The paleoenvironment and the distribution of source rocks in the Niigata oil and gas fields was detailed (Sato et al., 1995, this volume). We describe the organic geochemical characteristics of oils produced and probable source rocks, and oil-to-oil and oil-to-source rock correlation using aliphatic biomarkers. Petroleum potential evaluation based on the S1+S2 values on Rock Eval pyrolysis revealed that the argillaceous rocks in the Lower Teradomari LT2 and LT4 zones correspond to possible or potential source rocks (Hirai and Miyamoto, 1992).
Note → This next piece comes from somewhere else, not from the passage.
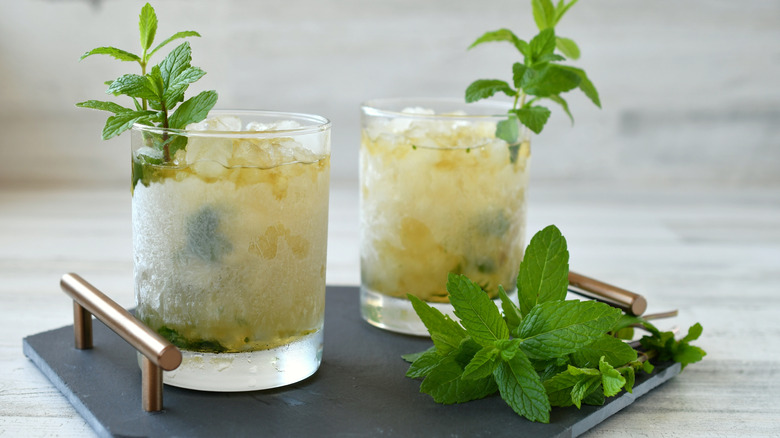 Two mint julep cocktails made with crushed ice on a tray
Triterpane and sterane compositions of the oils and bitumens extracted from argillaceous rocks were compared with each other. The results of the triterpane (m/z 191) and sterane (m/z 217) fragmentograms showed that these oils are matured, and two types of oils can be distinguished (Hirai et al., 1992), and their corresponding source rocks are suggested. (1) The Niitsu type oils produced mainly in the eastern oil and/or gas fields with low oleanane/norhopane ratios (lower than 1.0) and relatively low C29/C27 sterane ratios, suggesting that they were generated from the effective source rocks in the Lower Teradomari LT4 zone with larger contribution of marine organic matter. The Shintainai, Shiunji, Aga-Oki, Higashi-Niigata, Matsuzaki, Minami-Aga, Minami-Niitsu, Kuwayama, Yoshida and Mitsuke fields are classified in this type. (2) The Kubiki type oils are produced mainly in the western oil and/or gas fields with high oleanane/norhopane ratios (higher than 1.0) and relatively high C29/C27 sterane ratios, suggesting that they were generated from the effective source rocks in the Lower Teradomari LT2 zone with larger contribution of terrestrial organic matter. The Fujikawa, Minami-Nagaoka, Tamugiyama, Amaze, Nishiyama, Katamachi, Kuroi, Meiji and Gohtsu fields are classified in this type.